- _EXERCISE INSTRUCTIONS_:
Find and copy each line of the records where the string "property" shows up.

--------------------------------

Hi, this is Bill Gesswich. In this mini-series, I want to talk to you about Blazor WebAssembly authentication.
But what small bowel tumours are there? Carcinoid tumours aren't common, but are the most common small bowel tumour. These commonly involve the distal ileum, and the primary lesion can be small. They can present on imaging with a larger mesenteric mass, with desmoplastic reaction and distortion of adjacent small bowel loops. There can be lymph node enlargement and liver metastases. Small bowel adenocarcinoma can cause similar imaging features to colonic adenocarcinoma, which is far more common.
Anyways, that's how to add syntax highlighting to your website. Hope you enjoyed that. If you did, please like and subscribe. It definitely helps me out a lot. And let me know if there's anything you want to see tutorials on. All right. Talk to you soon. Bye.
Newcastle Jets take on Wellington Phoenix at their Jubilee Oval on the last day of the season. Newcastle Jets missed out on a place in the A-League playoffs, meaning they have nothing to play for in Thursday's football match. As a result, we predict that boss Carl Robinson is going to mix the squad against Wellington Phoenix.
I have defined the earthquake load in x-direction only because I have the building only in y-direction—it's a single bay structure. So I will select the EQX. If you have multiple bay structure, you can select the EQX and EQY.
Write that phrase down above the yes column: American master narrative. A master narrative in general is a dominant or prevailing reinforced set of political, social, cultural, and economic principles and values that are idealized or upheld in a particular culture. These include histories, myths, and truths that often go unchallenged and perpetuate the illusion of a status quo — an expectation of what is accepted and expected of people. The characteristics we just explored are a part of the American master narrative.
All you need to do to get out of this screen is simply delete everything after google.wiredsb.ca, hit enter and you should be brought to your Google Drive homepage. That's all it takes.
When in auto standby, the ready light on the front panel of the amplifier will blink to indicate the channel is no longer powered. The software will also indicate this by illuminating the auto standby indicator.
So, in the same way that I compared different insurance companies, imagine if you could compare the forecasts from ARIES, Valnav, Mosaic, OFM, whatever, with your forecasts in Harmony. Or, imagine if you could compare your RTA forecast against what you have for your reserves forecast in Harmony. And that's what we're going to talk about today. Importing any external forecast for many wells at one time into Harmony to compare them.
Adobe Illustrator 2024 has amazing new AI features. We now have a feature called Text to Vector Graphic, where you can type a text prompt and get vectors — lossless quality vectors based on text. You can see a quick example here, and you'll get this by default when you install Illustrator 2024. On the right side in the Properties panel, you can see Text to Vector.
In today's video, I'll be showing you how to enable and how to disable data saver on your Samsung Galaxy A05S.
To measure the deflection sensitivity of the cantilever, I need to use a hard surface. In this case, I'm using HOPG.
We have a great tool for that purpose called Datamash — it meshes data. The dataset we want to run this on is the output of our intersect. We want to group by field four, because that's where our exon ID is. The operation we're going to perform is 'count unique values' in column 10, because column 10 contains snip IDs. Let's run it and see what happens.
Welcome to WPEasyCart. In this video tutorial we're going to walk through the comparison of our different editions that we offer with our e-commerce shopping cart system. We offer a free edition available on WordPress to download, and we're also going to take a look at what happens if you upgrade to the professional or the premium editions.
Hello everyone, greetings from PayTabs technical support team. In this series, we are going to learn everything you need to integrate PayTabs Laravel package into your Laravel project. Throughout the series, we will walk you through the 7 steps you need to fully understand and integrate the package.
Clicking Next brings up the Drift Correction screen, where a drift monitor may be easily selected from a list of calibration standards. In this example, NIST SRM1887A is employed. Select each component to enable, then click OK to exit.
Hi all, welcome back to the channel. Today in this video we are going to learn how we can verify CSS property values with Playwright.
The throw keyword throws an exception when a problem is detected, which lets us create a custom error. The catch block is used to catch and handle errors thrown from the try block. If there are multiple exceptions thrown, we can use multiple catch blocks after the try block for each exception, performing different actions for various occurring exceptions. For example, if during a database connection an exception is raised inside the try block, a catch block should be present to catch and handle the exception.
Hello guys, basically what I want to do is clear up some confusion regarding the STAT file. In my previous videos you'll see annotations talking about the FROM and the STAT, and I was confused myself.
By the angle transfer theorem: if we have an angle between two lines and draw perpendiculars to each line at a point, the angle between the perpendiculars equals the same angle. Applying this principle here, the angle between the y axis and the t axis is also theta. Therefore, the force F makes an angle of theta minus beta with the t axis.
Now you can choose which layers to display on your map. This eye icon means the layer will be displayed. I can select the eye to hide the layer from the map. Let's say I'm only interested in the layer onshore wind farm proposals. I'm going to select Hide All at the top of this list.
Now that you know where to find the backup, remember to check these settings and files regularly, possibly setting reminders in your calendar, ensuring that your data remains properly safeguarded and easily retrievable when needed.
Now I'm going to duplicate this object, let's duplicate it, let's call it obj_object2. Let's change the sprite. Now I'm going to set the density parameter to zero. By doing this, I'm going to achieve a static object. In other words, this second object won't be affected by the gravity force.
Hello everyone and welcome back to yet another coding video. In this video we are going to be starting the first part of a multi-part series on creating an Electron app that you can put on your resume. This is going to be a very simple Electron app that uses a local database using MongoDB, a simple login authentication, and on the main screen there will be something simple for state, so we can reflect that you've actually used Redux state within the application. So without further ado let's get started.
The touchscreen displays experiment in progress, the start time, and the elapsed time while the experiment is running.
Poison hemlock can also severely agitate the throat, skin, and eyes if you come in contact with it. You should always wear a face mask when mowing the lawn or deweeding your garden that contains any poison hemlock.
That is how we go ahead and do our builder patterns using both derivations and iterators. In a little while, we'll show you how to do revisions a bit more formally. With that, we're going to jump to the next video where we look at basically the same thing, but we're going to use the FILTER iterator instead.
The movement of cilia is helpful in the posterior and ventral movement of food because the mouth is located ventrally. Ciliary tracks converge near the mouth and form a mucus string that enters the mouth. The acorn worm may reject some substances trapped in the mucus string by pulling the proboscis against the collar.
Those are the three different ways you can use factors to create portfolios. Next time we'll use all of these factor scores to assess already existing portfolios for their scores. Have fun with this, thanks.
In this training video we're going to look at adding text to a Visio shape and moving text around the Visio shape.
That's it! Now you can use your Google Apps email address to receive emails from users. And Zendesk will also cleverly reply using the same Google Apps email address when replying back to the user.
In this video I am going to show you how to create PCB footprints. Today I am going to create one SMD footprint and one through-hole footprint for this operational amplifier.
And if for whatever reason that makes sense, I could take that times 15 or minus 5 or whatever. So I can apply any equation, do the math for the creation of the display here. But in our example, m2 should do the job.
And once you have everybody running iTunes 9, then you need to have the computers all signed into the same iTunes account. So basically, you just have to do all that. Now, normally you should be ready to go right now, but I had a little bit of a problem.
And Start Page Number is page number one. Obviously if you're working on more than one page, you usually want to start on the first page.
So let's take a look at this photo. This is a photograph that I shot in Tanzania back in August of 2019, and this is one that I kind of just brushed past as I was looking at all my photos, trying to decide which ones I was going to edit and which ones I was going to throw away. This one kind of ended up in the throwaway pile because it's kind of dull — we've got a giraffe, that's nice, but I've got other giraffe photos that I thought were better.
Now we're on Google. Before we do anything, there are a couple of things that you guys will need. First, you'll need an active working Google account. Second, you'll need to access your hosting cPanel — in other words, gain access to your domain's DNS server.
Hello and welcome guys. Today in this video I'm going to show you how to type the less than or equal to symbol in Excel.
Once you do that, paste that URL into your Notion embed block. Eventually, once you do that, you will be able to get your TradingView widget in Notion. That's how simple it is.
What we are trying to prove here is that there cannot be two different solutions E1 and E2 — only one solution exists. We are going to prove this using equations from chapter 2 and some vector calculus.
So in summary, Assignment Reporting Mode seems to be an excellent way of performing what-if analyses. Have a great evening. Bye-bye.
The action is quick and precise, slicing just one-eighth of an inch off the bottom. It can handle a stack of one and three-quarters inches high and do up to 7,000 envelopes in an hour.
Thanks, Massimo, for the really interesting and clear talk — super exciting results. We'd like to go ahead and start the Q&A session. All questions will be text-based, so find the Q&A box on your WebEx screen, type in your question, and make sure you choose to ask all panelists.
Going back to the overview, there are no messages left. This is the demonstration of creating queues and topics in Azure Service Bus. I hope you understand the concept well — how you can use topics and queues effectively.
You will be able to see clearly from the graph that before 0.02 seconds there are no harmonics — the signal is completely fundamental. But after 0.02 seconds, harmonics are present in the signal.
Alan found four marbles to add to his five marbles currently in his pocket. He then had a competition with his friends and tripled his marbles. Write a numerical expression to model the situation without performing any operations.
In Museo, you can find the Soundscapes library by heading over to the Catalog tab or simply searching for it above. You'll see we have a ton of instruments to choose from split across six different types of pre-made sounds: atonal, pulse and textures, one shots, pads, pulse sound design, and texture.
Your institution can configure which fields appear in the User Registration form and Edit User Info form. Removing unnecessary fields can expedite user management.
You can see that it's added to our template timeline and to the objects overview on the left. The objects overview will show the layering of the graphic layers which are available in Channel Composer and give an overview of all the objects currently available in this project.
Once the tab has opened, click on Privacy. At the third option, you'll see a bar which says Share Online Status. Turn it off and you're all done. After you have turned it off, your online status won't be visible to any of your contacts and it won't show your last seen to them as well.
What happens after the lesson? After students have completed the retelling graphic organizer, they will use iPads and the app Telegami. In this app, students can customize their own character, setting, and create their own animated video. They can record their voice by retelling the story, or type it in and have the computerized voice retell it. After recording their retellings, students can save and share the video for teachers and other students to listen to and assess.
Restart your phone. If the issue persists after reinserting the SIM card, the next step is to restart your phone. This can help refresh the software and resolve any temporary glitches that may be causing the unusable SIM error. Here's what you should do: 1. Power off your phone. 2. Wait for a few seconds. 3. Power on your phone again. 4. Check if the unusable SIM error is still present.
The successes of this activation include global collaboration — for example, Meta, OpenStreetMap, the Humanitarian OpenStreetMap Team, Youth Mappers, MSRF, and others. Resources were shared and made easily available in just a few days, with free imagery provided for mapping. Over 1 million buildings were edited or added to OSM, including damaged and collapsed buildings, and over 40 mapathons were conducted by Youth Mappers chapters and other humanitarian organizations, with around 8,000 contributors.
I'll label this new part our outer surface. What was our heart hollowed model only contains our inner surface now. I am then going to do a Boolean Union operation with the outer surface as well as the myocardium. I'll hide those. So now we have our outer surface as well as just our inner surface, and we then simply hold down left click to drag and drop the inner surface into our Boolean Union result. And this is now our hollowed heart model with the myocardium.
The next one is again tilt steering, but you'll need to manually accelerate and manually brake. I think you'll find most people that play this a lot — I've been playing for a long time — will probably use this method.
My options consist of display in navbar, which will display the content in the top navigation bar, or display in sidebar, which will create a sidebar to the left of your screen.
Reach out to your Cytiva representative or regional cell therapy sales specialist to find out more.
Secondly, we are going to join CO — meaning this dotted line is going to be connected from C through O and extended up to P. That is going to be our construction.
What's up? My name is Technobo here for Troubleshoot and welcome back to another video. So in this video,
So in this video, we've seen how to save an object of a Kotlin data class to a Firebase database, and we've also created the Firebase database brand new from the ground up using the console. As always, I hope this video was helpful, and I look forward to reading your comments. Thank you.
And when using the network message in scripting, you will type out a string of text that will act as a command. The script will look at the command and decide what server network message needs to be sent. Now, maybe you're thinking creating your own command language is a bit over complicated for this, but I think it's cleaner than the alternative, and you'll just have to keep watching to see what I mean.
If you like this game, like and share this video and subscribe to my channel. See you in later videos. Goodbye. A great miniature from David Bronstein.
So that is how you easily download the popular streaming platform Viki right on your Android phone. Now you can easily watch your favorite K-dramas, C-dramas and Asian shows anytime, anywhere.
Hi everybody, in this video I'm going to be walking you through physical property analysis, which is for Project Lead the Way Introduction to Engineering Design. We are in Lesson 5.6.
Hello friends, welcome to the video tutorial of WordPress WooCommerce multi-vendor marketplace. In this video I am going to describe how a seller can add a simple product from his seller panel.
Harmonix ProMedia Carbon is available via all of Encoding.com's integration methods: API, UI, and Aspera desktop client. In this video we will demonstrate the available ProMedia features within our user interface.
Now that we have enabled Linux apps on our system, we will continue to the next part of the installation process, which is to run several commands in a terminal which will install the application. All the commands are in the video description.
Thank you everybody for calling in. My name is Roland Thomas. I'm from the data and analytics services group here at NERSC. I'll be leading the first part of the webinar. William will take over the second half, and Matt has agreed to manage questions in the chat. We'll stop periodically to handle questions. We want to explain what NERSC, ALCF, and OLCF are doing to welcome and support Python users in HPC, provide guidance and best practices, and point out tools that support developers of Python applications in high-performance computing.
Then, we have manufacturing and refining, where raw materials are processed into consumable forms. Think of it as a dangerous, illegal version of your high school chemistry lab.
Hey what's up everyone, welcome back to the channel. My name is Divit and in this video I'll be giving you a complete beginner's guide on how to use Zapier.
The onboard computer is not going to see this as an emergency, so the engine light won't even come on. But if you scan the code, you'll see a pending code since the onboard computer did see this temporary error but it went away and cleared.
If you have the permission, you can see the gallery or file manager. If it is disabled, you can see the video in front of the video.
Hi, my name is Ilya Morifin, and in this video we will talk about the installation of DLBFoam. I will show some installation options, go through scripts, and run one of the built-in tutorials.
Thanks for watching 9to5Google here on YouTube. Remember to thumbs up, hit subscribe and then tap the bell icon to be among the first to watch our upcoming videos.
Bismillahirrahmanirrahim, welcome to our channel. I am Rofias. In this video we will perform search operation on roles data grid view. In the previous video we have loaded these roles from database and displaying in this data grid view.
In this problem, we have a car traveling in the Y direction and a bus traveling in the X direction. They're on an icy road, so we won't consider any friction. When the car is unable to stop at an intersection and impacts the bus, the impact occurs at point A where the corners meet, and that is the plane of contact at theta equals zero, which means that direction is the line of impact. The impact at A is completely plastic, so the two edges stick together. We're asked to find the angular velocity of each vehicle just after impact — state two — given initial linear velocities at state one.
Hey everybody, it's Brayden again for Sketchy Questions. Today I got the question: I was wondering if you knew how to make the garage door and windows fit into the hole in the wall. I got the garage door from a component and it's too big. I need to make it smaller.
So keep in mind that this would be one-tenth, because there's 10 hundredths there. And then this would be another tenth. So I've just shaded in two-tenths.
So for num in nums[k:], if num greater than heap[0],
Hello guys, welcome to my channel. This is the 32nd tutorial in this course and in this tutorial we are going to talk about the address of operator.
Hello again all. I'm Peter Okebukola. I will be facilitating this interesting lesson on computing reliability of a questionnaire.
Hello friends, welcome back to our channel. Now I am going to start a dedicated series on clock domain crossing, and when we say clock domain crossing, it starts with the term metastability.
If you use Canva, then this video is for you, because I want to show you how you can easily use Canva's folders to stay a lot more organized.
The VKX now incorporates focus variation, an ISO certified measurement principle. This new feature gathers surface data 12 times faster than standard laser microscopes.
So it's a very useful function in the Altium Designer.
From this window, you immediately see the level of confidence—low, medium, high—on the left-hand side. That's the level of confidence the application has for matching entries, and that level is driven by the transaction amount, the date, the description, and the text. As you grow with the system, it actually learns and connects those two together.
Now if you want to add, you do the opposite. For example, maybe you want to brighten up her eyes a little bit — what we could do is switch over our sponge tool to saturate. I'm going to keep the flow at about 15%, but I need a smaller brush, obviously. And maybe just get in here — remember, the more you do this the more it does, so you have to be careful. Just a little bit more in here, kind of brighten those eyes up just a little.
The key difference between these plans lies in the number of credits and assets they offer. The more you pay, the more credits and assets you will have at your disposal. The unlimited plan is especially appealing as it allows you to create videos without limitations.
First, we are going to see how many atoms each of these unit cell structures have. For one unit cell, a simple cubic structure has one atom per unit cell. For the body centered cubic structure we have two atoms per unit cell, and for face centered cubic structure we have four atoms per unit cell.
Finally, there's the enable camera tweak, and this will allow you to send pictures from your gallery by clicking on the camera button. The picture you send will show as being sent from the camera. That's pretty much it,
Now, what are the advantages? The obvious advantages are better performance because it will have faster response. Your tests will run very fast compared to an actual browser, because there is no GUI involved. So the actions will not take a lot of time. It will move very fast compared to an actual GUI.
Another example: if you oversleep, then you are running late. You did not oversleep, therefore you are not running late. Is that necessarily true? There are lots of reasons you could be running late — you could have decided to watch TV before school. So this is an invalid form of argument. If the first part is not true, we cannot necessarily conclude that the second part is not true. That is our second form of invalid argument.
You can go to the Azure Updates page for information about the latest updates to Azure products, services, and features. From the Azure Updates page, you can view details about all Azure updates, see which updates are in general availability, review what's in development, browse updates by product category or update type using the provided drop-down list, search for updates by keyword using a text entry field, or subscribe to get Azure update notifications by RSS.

--------------------------------

- _TASK RESULT_:
Hi all, welcome back to the channel. Today in this video we are going to learn how we can verify CSS property values with Playwright.
Hi everybody, in this video I'm going to be walking you through physical property analysis, which is for Project Lead the Way Introduction to Engineering Design. We are in Lesson 5.6.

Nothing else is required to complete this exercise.